The week’s media-saturated run-up to the game provided me an opportunity to listen to players explain themselves, their successes and their coach to a non-Seahawks audience that was mostly new to the story lines and genuinely curious about how Carroll could fail twice — once in Boston, once in New York — yet stick with his beliefs long enough until he found the right stage.
To a man, the Seahawks were thrilled with Carroll’s approach that respected the individual and tolerated missteps without hectoring, ignored media/fan rhetoric about big and small games, and never wavered from his principles (the man did have the guts to title his book, “Win Forever”).
As the circumspect Marshawn Lynch dryly observed, “He’s always the same.”
That may not sound like much, but think about it in relation to the best and worst bosses you have experienced. Consistency of successful approach under pressure is an exceedingly rare virtue. It helps Carroll make ordinary players good, and a few good players great.
The NFL always is said to be a copycat league. But there’s no copying Carroll’s charismatic personality. Anyone can steal a play or a drill or a football concept, but anyone who steals a personality is immediately spotted as a phony.
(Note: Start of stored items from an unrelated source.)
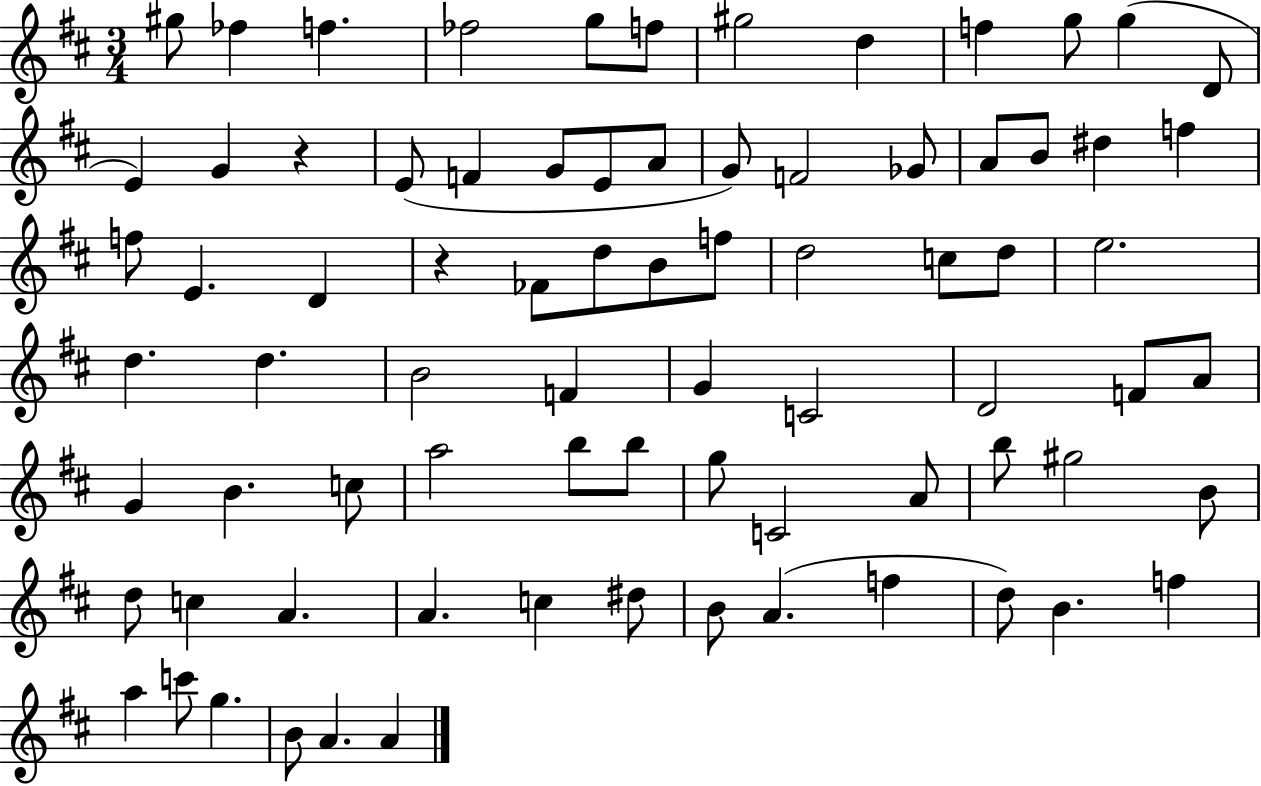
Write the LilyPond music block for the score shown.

{
  \clef treble
  \numericTimeSignature
  \time 3/4
  \key d \major
  gis''8 fes''4 f''4. | fes''2 g''8 f''8 | gis''2 d''4 | f''4 g''8 g''4( d'8 | \break e'4) g'4 r4 | e'8( f'4 g'8 e'8 a'8 | g'8) f'2 ges'8 | a'8 b'8 dis''4 f''4 | \break f''8 e'4. d'4 | r4 fes'8 d''8 b'8 f''8 | d''2 c''8 d''8 | e''2. | \break d''4. d''4. | b'2 f'4 | g'4 c'2 | d'2 f'8 a'8 | \break g'4 b'4. c''8 | a''2 b''8 b''8 | g''8 c'2 a'8 | b''8 gis''2 b'8 | \break d''8 c''4 a'4. | a'4. c''4 dis''8 | b'8 a'4.( f''4 | d''8) b'4. f''4 | \break a''4 c'''8 g''4. | b'8 a'4. a'4 | \bar "|."
}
There are numerous ways to win a Super Bowl. No one did it like Carroll. No one will.
Sam I am (gay)
No NFL player, coach or executive wants to go on the record with a pee-in-the-pants panic over the thought of a gay player in the locker room, but when SI.com allowed eight NFL staffers/executives to speak anonymously to offer skeptical views of Michael Sam’s locker-room acceptance, it told me the NFL’s fear of risk obscured any value of the greater good.
Despite official statements from the NFL that Sam would be welcomed, this is a league still not over Janet Jackson’s half-second nip slip 10 Super Bowl halftimes ago. Speaking days before Sam’s disclosure, Saints LB Jonathan Vilma told NFL Network he thought a gay player “would not be accepted as much as we think he would be accepted.”
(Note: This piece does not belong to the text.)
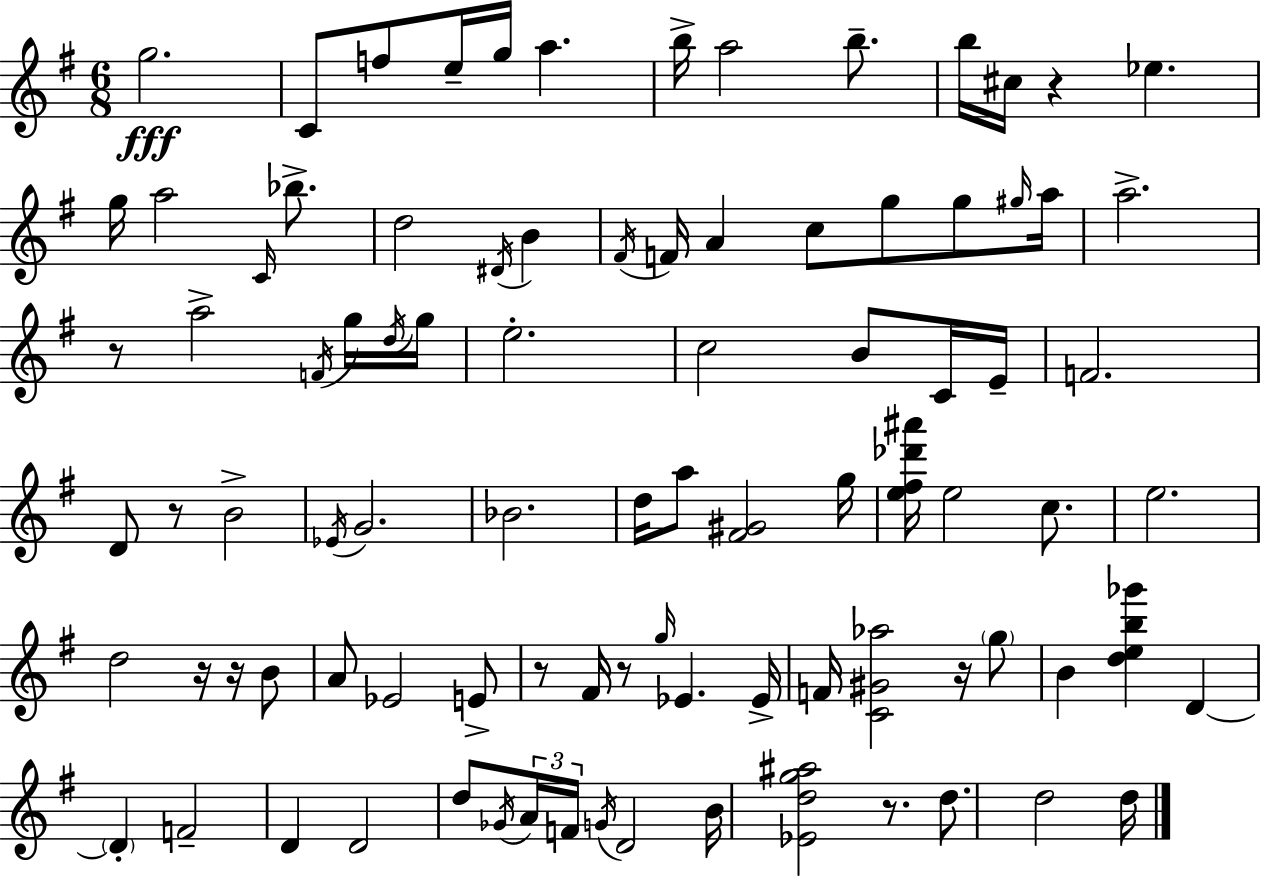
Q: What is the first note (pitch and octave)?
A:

Another anonymous scout told SI.com’s Peter King: “Unfortunately, this is a lot more okay in society than it is in lots of locker rooms. Some locker rooms are still stuck in the ’50s.”
So when would it have been OK with MLB players of the 1940s to have Jackie Robinson play? When would it have been OK for for Adolph Rupp to have African-Americans play ball for him at the University of Kentucky? When would it have been OK for the American public to have Muhammad Ali speak against the Vietnam War?
The scout miscast the scene: There aren’t “some” fearful locker rooms; there are fearful players in all locker rooms, just as in every workplace. And just as in every workplace, workers learn to adapt, or move on. Life is not Thanksgiving dinner: It happens on its own terms, not when the table is set.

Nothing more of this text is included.